I agree wholeheartedly on all the things except Matt Smith. Whether it’s Moffat’s writing, or Matt’s acting, I’m not 100% sure (although he’s missing my two favourite characteristics about the Doctor, his gravitas and dangerous destructive core ), but here’s a list of the 5 seasons best episodes IMHO.
Season 1
– The Empty Child/The Doctor Dances (Jack, and “Are you my mommy?”)
– Bad Wolf/The Parting of the Ways (Dalek fleet, and the GodLord of the Daleks)
Season 2
– Tooth and Claw (Torchwood beginning, the Queen)
– Doomsday (Daleks and Cybermen, and goodbye Rose, thank God)
Season 3
– Human Nature/Family of Blood (The Doctor/Human conundrum.

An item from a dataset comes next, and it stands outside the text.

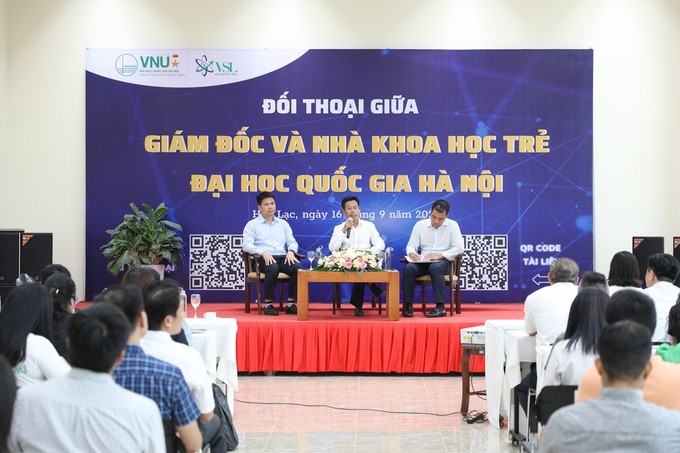 Giám đốc ĐH Quốc gia Hà Nội đối thoại với hơn 200 nhà khoa học trẻ - 1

The Horror of being the Doctor)
– Blink (Best Episode ever. Terrifying)
– The Sound of Drums/Last of the Time Lords (The Master is awesome. Loves me some Master)
Season 4 (This is my favourite season. I’ve learned to love Donna. The first of his companions to really stand up to him.)
– Fires of Pompeii (Donna standing up to the Doc. at the end)
– Planet of the Ood (Ood are scary. And the reversal at the end? Messed up.)
– The Unicorn and the Wasp (I like a good murder mystery and with the Doc in the middle?)
– Silence in the Library/Forest of the Dead (Books, Something from the shadows, and his wife)
– Midnight (I love a good one room box story, with humanities weakenesses on display)
Season 5
– The Beast Below (only time this season I really squirmed)
– The Lodger (The doctor trying to fit in. Excellent.)
– The Pandorica Opens/The Big Bang (Good end of season one.)
All this shows me is that Moffat/Matt Smith = Not riveting Doctor. I was never truly squirming or frightened this last season. The closest time was in The Beast Below.